NF-κB: Its role in colorectal cancer

Abstract

Colorectal cancer (CRC) is a major worldwide health problem and is the second leading cause of cancer-related deaths in the United States. Despite considerable progress in diagnosis and treatment, a high mortality rate persists, largely due to the complications associated with metastatic incidences. The pro-inflammatory transcription factor nuclear factor κB (NF-κB) is a central player in inflammatory responses and tumor progression. In CRC, constitutively activated NF-κB has been observed in the majority of patients.
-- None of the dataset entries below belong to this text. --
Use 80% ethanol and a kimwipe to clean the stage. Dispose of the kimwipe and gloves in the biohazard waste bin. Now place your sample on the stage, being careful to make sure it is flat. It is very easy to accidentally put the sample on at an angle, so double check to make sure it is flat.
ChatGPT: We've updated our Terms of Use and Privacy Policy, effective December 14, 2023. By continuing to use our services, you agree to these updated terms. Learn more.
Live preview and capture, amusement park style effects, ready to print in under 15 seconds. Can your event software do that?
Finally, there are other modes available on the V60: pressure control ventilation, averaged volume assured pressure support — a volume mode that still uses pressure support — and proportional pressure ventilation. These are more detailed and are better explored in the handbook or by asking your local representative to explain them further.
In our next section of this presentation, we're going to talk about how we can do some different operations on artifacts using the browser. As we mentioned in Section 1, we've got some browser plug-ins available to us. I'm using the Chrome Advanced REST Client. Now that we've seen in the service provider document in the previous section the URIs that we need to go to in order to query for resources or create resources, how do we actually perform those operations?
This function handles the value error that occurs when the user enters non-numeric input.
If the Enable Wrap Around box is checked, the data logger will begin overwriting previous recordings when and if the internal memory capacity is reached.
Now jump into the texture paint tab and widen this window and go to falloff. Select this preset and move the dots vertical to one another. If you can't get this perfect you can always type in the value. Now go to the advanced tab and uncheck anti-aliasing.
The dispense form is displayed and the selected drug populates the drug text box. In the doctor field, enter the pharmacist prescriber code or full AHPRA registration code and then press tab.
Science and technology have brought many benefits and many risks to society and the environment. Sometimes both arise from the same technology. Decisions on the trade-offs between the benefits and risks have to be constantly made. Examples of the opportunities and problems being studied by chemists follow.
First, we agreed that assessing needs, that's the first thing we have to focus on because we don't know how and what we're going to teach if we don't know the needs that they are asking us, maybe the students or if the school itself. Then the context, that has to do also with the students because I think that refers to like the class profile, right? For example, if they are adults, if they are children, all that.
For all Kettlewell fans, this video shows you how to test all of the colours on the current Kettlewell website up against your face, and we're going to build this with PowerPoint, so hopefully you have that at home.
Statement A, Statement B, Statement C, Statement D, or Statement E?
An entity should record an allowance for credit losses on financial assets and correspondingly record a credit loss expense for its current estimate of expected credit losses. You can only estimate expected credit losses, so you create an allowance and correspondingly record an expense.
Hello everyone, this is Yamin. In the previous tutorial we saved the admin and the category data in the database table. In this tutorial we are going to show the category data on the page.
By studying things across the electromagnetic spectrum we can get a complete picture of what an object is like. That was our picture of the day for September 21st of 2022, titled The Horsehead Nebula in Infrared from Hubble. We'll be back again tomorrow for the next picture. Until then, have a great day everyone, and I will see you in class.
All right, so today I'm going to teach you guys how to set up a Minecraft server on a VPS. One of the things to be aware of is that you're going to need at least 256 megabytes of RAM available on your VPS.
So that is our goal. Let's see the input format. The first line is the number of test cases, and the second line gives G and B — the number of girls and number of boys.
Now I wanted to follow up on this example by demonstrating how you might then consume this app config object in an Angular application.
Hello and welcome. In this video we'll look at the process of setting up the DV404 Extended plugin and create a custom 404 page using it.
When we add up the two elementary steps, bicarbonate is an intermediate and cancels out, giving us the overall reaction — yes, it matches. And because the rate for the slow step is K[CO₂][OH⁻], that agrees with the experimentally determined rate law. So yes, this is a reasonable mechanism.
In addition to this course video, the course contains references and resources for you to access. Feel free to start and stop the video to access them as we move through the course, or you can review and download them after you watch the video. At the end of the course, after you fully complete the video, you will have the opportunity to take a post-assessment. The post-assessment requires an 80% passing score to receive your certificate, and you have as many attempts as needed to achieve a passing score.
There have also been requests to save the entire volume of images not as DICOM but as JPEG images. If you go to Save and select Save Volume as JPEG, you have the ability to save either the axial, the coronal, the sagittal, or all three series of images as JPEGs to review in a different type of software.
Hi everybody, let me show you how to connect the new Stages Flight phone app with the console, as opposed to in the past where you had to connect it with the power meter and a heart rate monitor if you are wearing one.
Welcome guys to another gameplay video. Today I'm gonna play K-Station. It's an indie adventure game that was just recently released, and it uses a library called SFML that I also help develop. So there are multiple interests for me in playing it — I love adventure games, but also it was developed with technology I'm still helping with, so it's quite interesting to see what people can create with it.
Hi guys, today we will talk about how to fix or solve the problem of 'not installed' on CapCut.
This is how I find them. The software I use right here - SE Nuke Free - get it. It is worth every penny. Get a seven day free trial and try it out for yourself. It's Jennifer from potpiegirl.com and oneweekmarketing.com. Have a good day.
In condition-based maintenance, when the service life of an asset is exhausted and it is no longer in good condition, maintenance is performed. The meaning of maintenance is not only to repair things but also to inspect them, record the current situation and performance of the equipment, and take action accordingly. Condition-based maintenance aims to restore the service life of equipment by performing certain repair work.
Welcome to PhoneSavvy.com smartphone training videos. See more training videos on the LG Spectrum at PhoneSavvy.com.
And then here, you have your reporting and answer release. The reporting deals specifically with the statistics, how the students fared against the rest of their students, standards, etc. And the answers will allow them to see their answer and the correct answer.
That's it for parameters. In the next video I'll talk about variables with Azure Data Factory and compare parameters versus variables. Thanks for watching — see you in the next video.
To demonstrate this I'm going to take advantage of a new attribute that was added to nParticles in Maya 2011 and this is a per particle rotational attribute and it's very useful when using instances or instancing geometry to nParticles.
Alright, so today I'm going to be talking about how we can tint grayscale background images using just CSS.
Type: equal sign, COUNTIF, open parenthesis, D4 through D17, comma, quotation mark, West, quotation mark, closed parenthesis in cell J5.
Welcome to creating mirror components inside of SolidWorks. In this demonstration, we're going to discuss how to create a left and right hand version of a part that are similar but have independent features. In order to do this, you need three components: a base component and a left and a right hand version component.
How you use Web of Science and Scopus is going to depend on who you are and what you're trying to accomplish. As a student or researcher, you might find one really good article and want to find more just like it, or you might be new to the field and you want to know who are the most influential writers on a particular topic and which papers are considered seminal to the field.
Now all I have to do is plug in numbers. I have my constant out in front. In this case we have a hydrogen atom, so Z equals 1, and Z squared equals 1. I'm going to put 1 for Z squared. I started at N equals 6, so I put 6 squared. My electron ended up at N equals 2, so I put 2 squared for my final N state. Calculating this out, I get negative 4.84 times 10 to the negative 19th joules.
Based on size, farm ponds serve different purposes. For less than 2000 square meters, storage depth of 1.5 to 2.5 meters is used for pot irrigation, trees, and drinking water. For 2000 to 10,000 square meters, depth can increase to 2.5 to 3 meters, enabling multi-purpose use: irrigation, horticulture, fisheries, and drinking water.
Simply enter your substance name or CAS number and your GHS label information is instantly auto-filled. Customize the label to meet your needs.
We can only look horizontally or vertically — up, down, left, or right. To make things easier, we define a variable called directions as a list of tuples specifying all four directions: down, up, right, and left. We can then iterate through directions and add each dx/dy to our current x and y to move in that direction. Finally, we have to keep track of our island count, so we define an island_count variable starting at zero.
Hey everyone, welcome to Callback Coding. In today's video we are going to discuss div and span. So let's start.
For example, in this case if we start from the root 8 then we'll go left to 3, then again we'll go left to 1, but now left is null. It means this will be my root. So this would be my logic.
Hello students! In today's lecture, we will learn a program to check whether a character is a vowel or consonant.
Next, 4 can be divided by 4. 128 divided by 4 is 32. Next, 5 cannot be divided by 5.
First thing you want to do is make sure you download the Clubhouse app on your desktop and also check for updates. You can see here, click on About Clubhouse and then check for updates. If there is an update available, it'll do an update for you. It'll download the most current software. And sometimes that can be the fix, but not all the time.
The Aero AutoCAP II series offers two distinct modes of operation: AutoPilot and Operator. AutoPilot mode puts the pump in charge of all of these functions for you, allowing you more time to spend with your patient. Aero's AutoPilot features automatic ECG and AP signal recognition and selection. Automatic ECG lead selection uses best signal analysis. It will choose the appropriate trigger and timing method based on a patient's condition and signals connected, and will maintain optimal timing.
NF-κB significantly affects the process of tumorigenesis by promoting many aspects including tumor growth, proliferation, invasiveness, and angiogenesis. Importantly, the critical contribution of NF-κB to inflammation and tumorigenesis is due to its control of the expression of a large variety of target genes, many of which, when aberrantly expressed, help to orchestrate and promote CRC malignant potential. These NF-κB target genes include those vital to cell cycle regulation, cell proliferation, metastasis, and cell survival. Additionally, activation of NF-κB in both cancerous cells and inflammatory cells and subsequent induction of cytokines/chemokines within the tumor microenvironment also contribute to CRC cell malignancy in both autocrine and paracrine manners. These evidences implicate inhibition of NF-κB as an important approach for CRC therapy. Several recent combinatorial approaches using classical chemotherapeutics with NF-κB inhibitors seem to have resulted in very promising outcomes.